The Tibetan New Year, or Loasr, is the most important festival for Tibetans and people of the Tibetan-inhabited areas.
"Chemar", a rectangular box containing zanba (roasted highland barley flour) decorated with wheat ears is an auspicious Tibetan decoration to pray for good harvest and good luck in the Tibetan New Year, which falls on Feb. 9 this year.

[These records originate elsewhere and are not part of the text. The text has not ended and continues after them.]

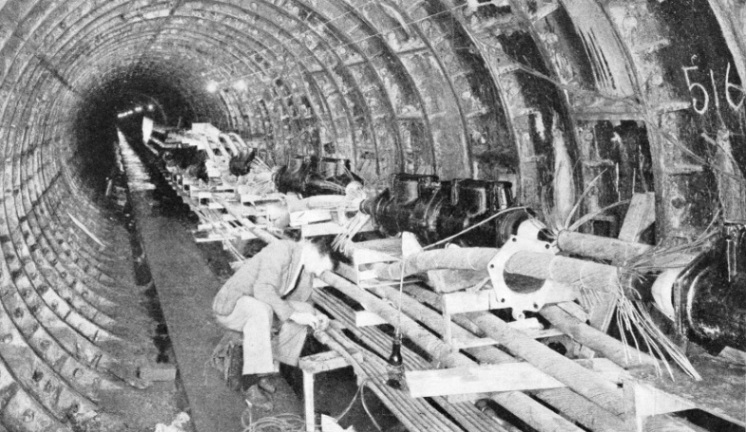 ELECTRIC CABLES are carried beneath the River Thames in a tunnel from Deptford Power Station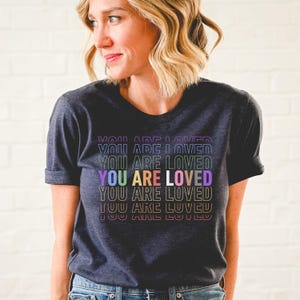 K&ouml;nnte beinhalten: Ein dunkel-melierter grauer T-Shirt mit dem Text "YOU ARE LOVED", der in Regenbogenfarben wiederholt wird.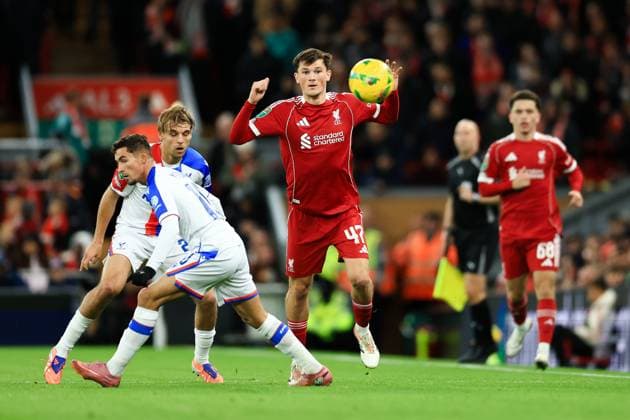 Liverpool, England, 29th October 2025. Calvin Ramsay of Liverpool passes the ball whilst under pressure from Yeremy Pino of Crystal Palace during the Liverpool vs Crystal Palace Carabao Cup match at Anfield, Liverpool. Picture credit should read: Jessica Hornby Sportimage EDITORIAL USE ONLY. No use with unauthorised audio, video, data, fixture lists, club league logos or live services. Online in-match use limited to 120 images, no video emulation. No use in betting, games or single club league player publications. SPI_040_JH_Liverpool_Crystal_Palace SPI-4246-0040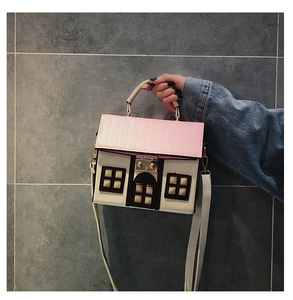 Detail of pink roof house-shaped crossbody bag with creative leather door and window patches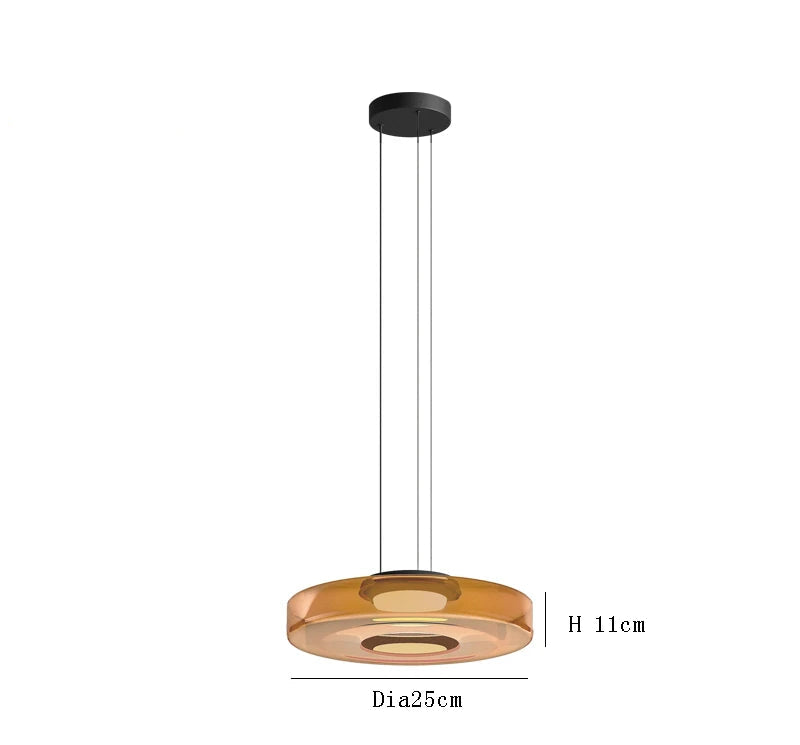 Amber glass pendant light with 25cm diameter and 11cm height. LED lighting and adjustable hanging for modern interiors.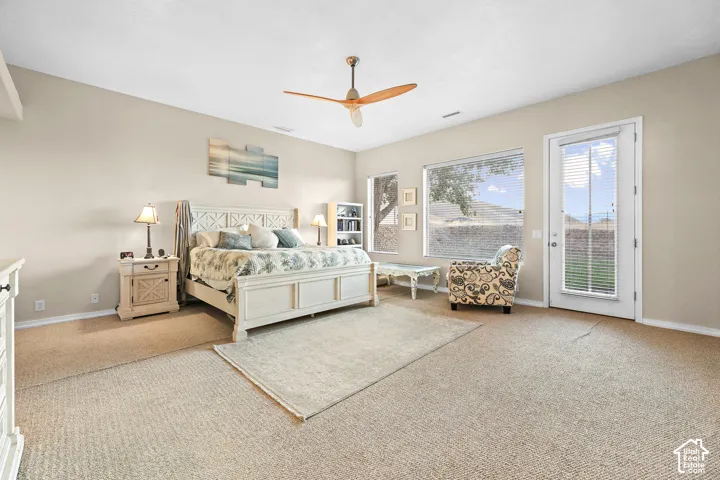 Spacious room featuring neutral carpet flooring, multiple windows providing natural illumination, and a ceiling fan with wood-finish blades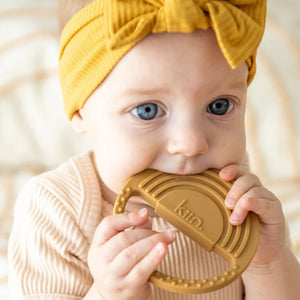 kiin-baby-rainbow-silicone-teether-tan-retreat-yourself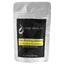 Silver pouch against white background with black label. Yellow rectangle with black lettering reads "Ultra Bonding Adhesive For Eyelash Extensions Banana Scented"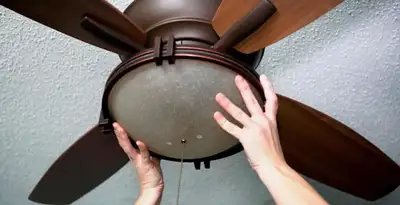 Ceiling fan repair and reinstallation on ceiling mount in Orange, CA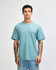 A sueded unisex short sleeve t-shirt in a soft blue colour, featuring a relaxed fit and a visible logo.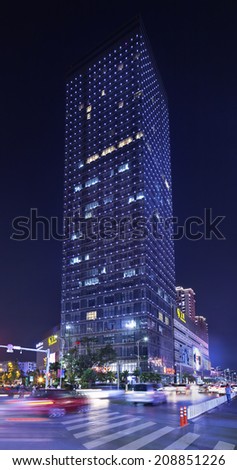 KUNMING-JULY 3, 2014. Golden Eagle building at night. Golden Eagle Retail Group is an investment company, mostly engaged in development and operation of stylish high-end department stores in China.
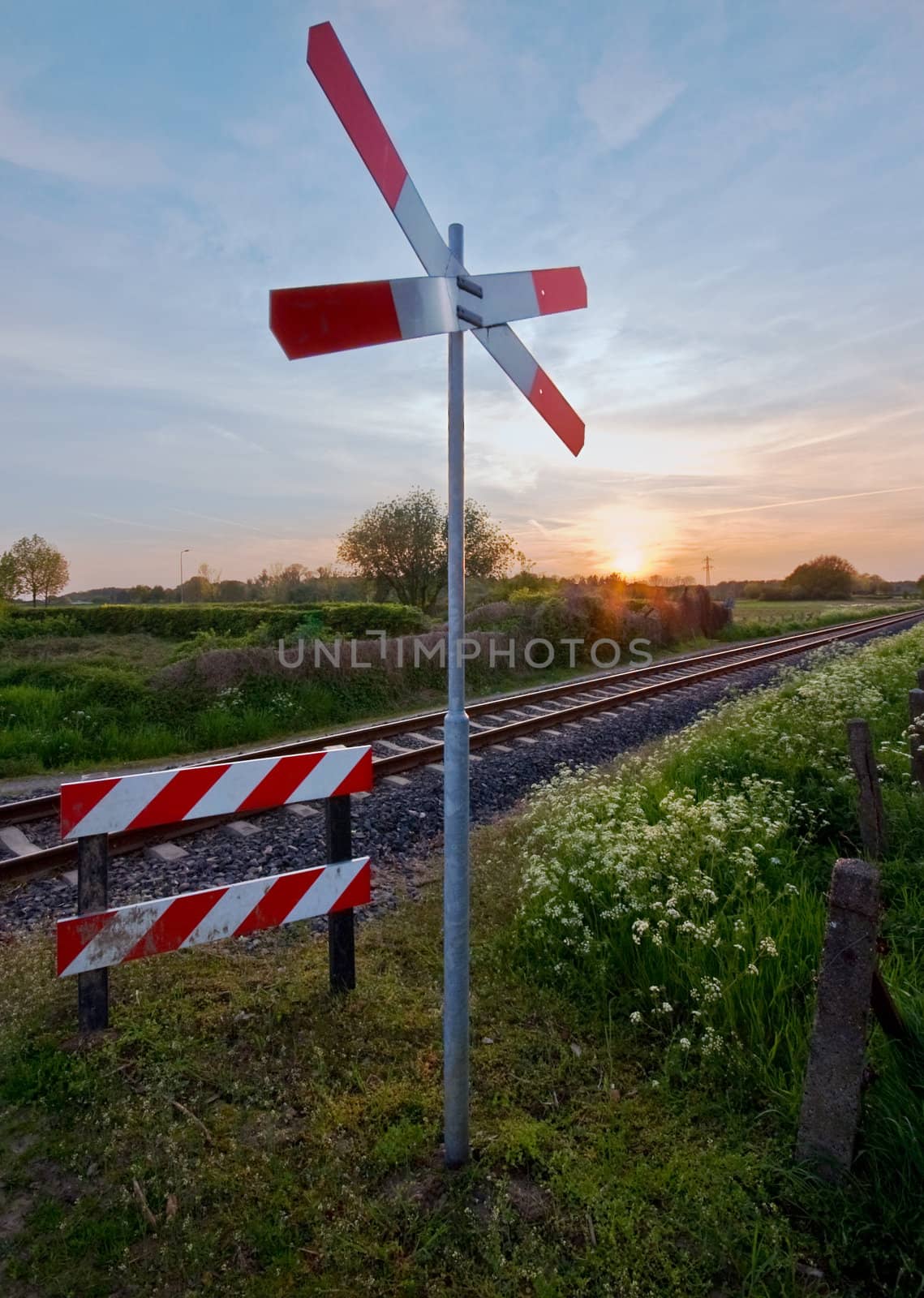 railway tracks with pastel sunset and traffic sign in a rural scene    by karinclaus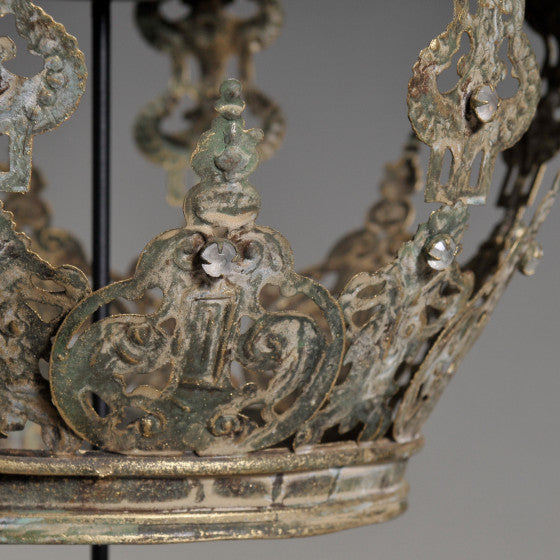 Decorative metal crown with intricate designs on a gray background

Before the Tibetan New Year or Losar, every Tibetan family will offer Chemar on their Tibetan-styled cabinet for blessings. When guests come to visit during Losar, relatives and friends will greet each other “Happy New Year”, holding Chemars and barley wine in their hands. It is a custom that guests with Chemars call loudly outside the doors, while the hosts hurry out to meet them and send back good wishes. As soon as a visitor enters the house, the host will pinch a little amount of zanba with his thumb and index finger and spill it into the air for three times, and then he will put a bit of zanba into his mouth with a greeting "Tashi Delek", meaning good luck and happiness in Tibetan. Then the host and guests will begin chatting and drinking highland barley wine.
The most important celebration happens two days before Losar when Tibetan families gather together to eat “Guthuk”.
“Guthuk” is a kind of dumpling soup with peas, small white stones, lambs’ wool, pepper and salt, each with a special meaning. If someone gets peas, it means he is smart and flexible; if someone eats little white stone, it means he is pure-hearted; if someone gets lamb’s wool, it means he is gentle; if someone gets pepper, it means he is outspoken; and someone gets salt, it means he is “lazy”. Whatever one gets, it will burst into laughter, bringing in a spirit of joy and merrymaking for the family.